No. Only Once In 4,900 Elections Would Chance Alone Produce Such Failures.
Dept. of Psychological Sciences
Abstract: Most of the final 1996 presidential polls predicted that Clinton's margin over Dole would be greater than it actually was. The present document presents the results of a meta-analysis of this pattern; this calculation indicates that chance alone would produce such a failure pattern only once in 4,900 elections.
This critique evoked blunting rejoinders from representatives of the Harris Poll and the Gallup Poll. Humphrey Taylor, Chair and CEO of Louis Harris and Associates, declared that: "The final forecasts of seven of the eight polls Mr. Ladd lists were pretty good. Harris's maximum error on any candidate was 1.8 percentage points. And several polls were more accurate."
Frank Newport, Editor in Chief of the Gallup Poll, offered general remarks along the same lines as Taylor. But Newport went on to make the case even more specific by saying "...the average trial heat percentage for Clinton across all eight polls was 49.88%, the average for Dole was 38%, and the average for Perot was 7.88%. All three of these average sample estimates are within the typical 3% margin of error associated with national polls, and two of the average sample estimates are within less than one point of the actual Election Day population parameter." After further reviewing the numerical details, Newport decided that "...these results represent a striking validation of the accuracy and precision of election polling and the survey research industry."
Clashing viewpoints are not unusual in politics and the discordant opinions quoted above could be therefore be taken as a natural part of the give and take of our public life. I write to suggest that that would be a mistake; it would be incorrect to treat the evaluation of campaign polls as only a matter of mere opinion. Quite the contrary -- an objective assessment of the performance of polling enterprises can be secured because survey research technology derives from and is firmly grounded in the principles of statistical inference. The statistical question can be answered by calculating the odds that bad luck produced the prediction failures cited by Ladd. Such an objective assessment would simply be an appropriate extension of the kind of inference we make when we declare that a coin which comes up heads ten times in ten tosses is suspect. We infer this because the odds are 1,023 to 1 against such an outcome.
However, extending such statistical logic to the data produced by campaign polls requires dealing with the heterogeneity of the techniques used by different pollsters. Polls need to be evaluated using a statistically appropriate measure which would be equally meaningful in any poll regardless of its procedural idiosyncrasies. As will be seen below, merely averaging selected poll data is not appropriate. For such an evaluation to be informative as well, the measure should also have undoubted relevance to poll validity.

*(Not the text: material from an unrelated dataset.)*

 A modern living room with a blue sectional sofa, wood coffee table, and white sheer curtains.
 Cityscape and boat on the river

Fortunately, the news media's principal use of the polls directly points the way to a measure which satisfies both criteria: the media preoccupation with the horse race aspect of campaigns has always emphasized two questions -- who's ahead and by how much? And only the difference between the two principal party candidates in the polls has generally been of much interest; whether the minor parties' collective share was one or two percent was not. The relevance of a measure based on a given poll's prediction of the difference between Clinton and Dole is therefore obvious. Happily, it is also statistically appropriate because the statistical error of a difference between preferences is roughly proportional to their sum. Therefore, a given difference's relative error would be little affected by the absolute size of the preferences on which it was based.

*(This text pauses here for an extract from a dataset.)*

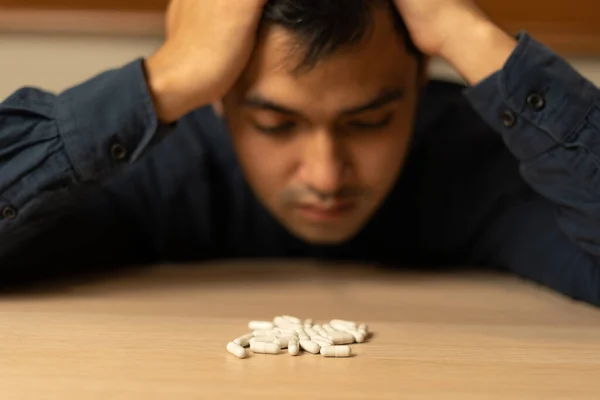 stock image asian man use pills overdose, stressed, sad, drug abuser, drug addict, sick, unhealthy, unhappy, suicide, depressed or hopeless, Anti drug, drug addict, life and family problems, unmotivated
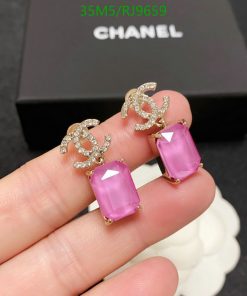 Elegant pink crystal earrings with jeweled logos.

The first step in an objective analysis is to compute the odds against for each of the eight polls. These odds are called "odds against" because they indicate the likelihood that chance alone can account for the discrepancy between a poll's final pre-election prediction and the actual vote outcome. The higher the odds against, the less likely it is that bad luck will furnish an acceptable explanation for polling failure. A brief summary of the results of such computations can be viewed by hyperlinking to a POLL TABLE. Those interested in full and complete computational detail can find that by hyperlinking to a POLL SPREADSHEET. The data entered into both the table and the spreadsheet were derived from Ladd's previously published Roper Center table mentioned above. However, later and more complete final certified actual vote results are used here instead of Ladd's preliminary numbers.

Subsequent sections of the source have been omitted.